この人がクレーマーでないことが色濃くなってきているのに、私の気持ちはどんどん重苦しくなってきていた。私はなんでこの人がクレーマーだと思ったんだろう。なんでそう決め付けてしまったんだろう。後悔が少しづつ澱(おり)となって気持ちを重くしていった。

このお客様の背景は、簡単に会うことが許されない自分の子供がいて、それでも、定期的に会える日があり、その日をこの父子はお互い心待ちにしている。その時には子供が常日頃ほしがっているものを金額にこだわらず与え、そのくったくなく喜ぶ笑顔を抱きしめたいお父さんが、一向に子供が跳ねて喜ぶはずのキングのカードにめぐり合えないじれったさに電話をしてきた。

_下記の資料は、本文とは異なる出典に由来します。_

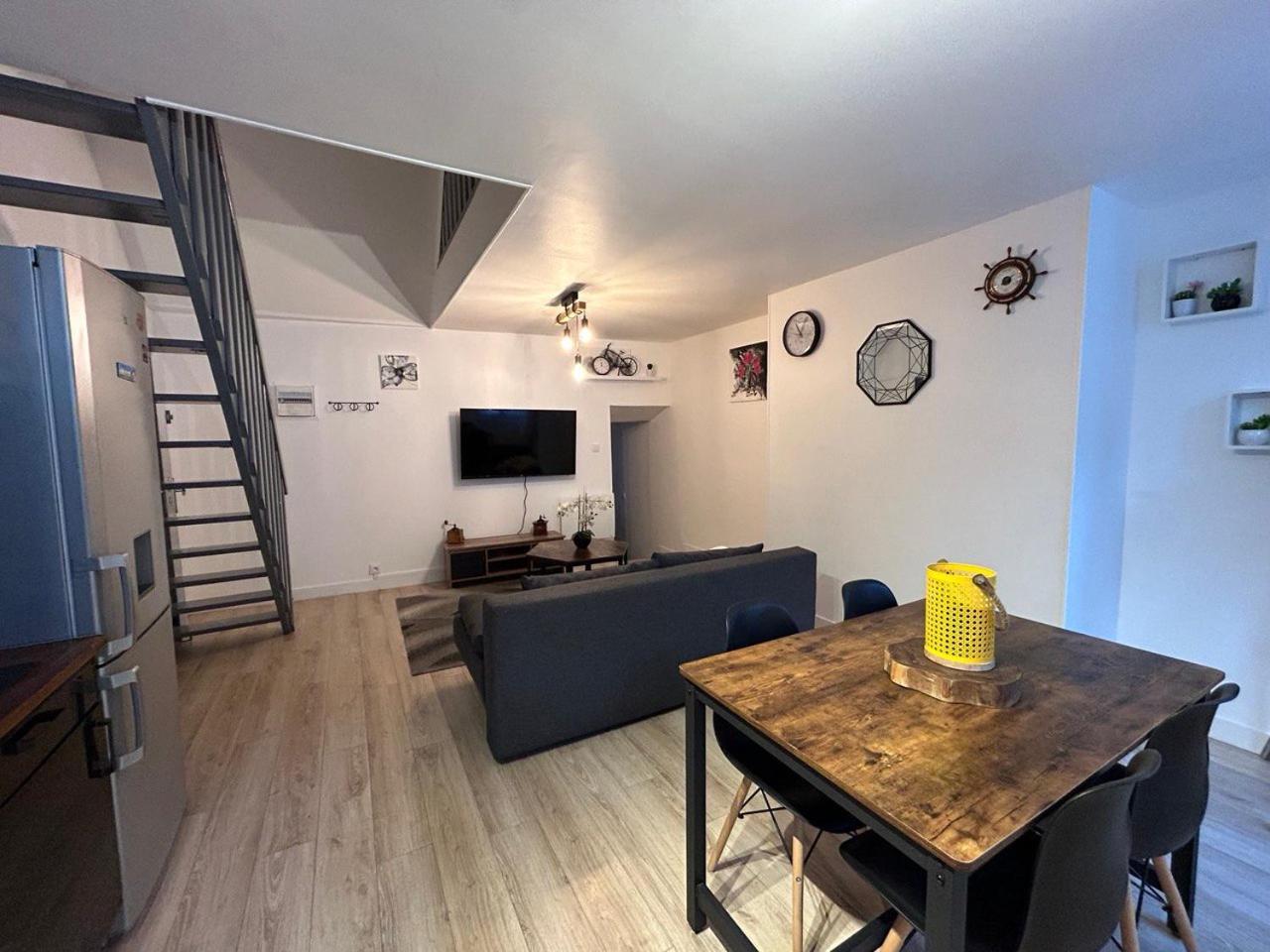 Apartament La Casa Tres - Cosy In The Very Centre Port Cherbourg-en-Cotentin Zewnętrze zdjęcie
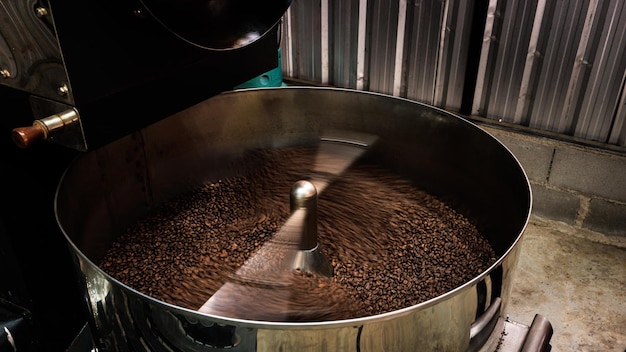 Foto macchina per la torrefazione del caffè durante il processo di miscelazione della tostatura del caffè raffreddatore di filatura tostato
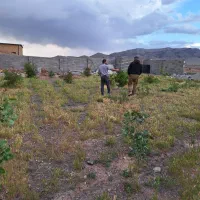 زمین ۵۰۷متری چهاردیواری درروستای دنج وبکرگمرگان|فروش زمین و ملک کلنگی|صفادشت, |دیوار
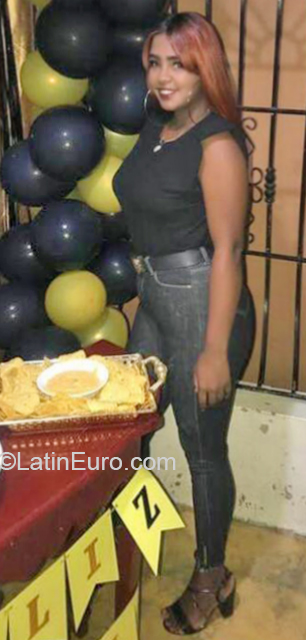 Date this georgeous Dominican Republic girl Yaineri from Santo Domingo DO39731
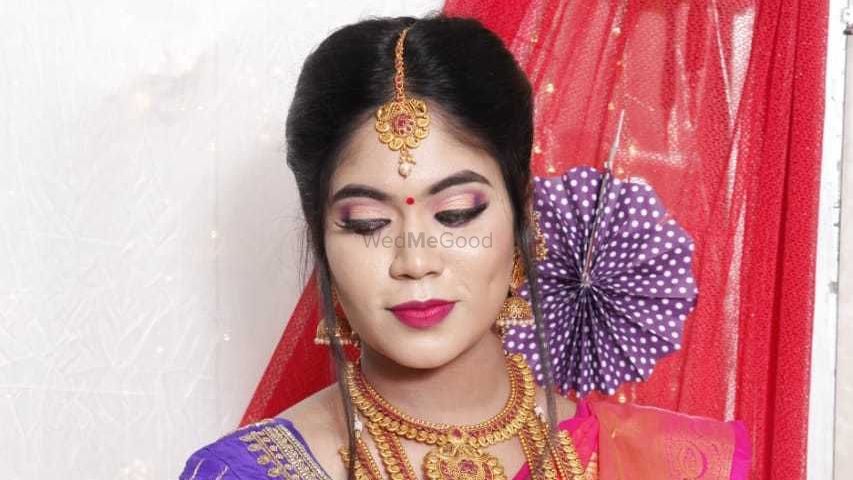 Radhika Makeover Artistry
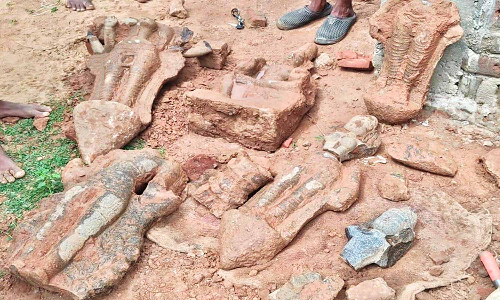 கழிவறை கட்ட தோண்டிய குழியில் கற்சிலைகள் கண்டெடுப்பு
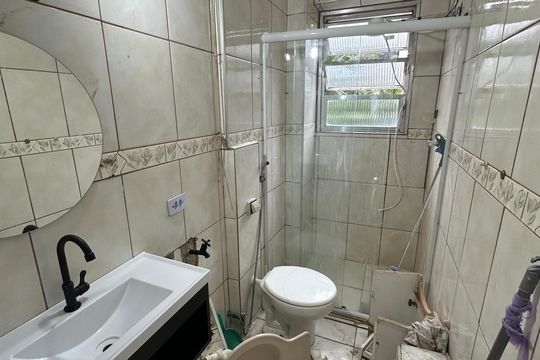 Banheiro de apartamento para alugar com 1 quarto, 50m² em Centro, São Vicente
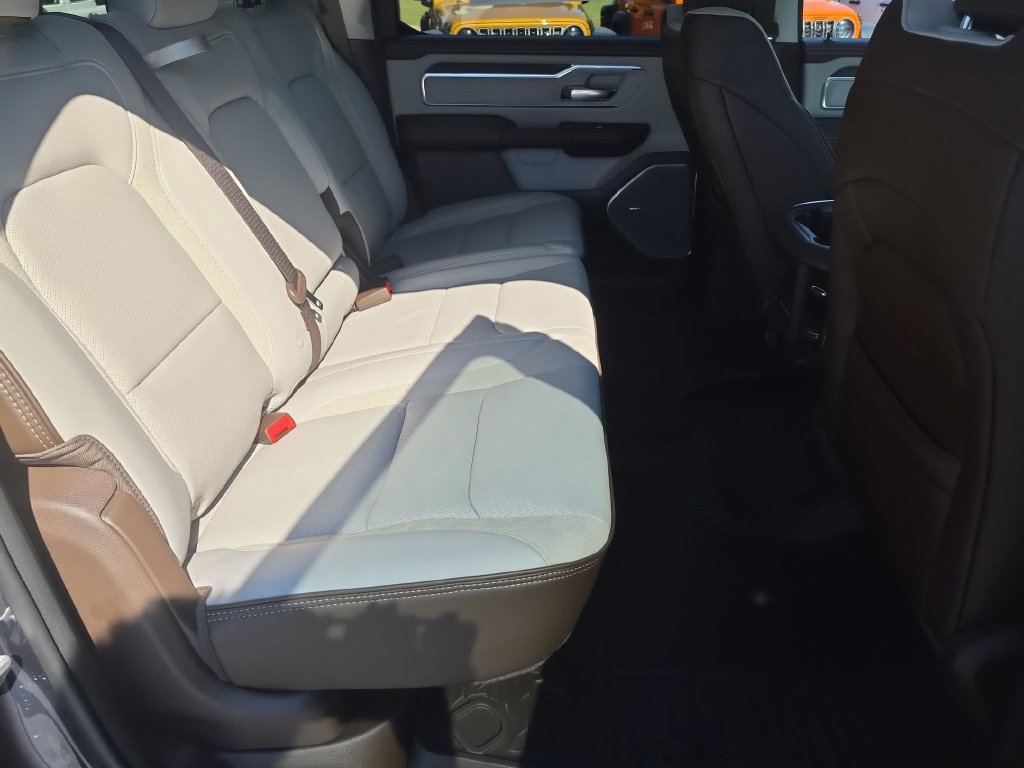 New 2027 RAM 1500 Laramie AWD/4WD image 33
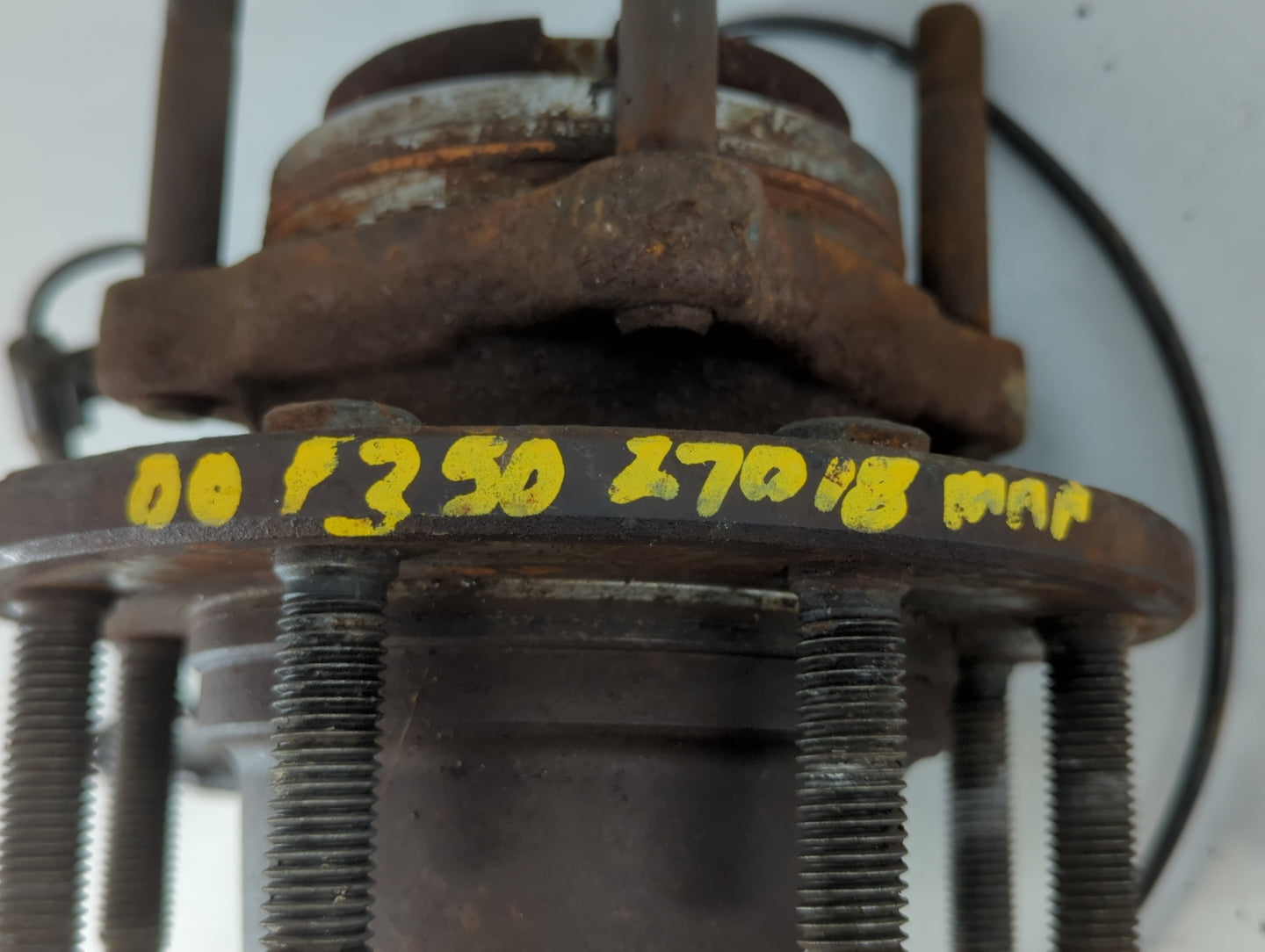 1999-2002 Ford F-350 Super Duty Driver Front Wheel Hub Oem - Oemusedautoparts1.com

それだけでなく、この父が買ったお菓子にはいつもめあてのカードが入っていないことは、子供にとって不甲斐ない父親に映るのではないかと、高まる不安を企業にぶつけてきたのではないかと序所に想像できるまでに至った。

それと同時に、自分の浅はかな判断と軽率な決めつけに、気持ちが折れていく自分を感じずにはいられなかった。
ごめんなさい。お父さん。ごめんなさい。子供さん。カードを差し上げられなかったことではなく、こんなにいいお父さんを、クレーマーだと決め付けてしまっていたことに、心の中で詫びながら電話を切り、自分で自分が許せるのを秘かに待ち続けた。



表面だけで決め付けると、思いがけない失敗に、自己嫌悪。

粗暴な言葉遣い、やたら大きな声、支離滅裂な説明、つながりのない話、脅しとも思える乱暴な言葉、チラチラする金品の要求などで、この人、クレーマーじゃないの?と決め付けてしまうクレーム対応担当者はたくさんいると思います。昨今は、そんな決まりきったクレーマーの条件に当てはまる人だからと言って、簡単にクレーマーだと決め付けるのはたいへん危険です。

というのも世間の人々は、多かれ少なかれ気持ちの負担になるものを抱えている時代です。仕事のこと、お金のこと、夫婦間のこと、親子間のこと、知人間のこと、上司と部下の関係のこと、健康のこと、手続きのこと、時間のこと、どんなに問題のない生活をしているように見える人にも、その人なりに心に影を落とすことを抱えているのです。
そして普段は露呈しなかった気持ちの負担も、あることがきっかけでたちまちクローズアップされることになる時代なのです。

だから、他人から見れば「それがどうした?そんなに興奮することでもなかろうに。」と思うことも、本人にすれば大問題だということが多いにあるのです。
まして、私たち担当者にとって、その商品は、毎日見ている、毎日話題にしている、毎日触れている、毎日食べている、いささか飽きるくらいの頻度で関わっているものであるけれど、消費者にとっては、たった一つのそれなのです。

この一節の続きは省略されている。